Input data:
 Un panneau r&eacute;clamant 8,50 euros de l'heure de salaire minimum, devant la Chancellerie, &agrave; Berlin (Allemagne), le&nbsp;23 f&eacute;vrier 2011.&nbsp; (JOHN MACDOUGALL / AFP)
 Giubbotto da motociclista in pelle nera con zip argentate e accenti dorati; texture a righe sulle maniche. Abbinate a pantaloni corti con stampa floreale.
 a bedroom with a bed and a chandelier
---
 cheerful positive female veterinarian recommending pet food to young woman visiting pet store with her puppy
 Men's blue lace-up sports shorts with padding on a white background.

What you have to do:
Return, from the data, each line where the string "with" occurs.

Finished exercise:
 a bedroom with a bed and a chandelier
 cheerful positive female veterinarian recommending pet food to young woman visiting pet store with her puppy
 Men's blue lace-up sports shorts with padding on a white background.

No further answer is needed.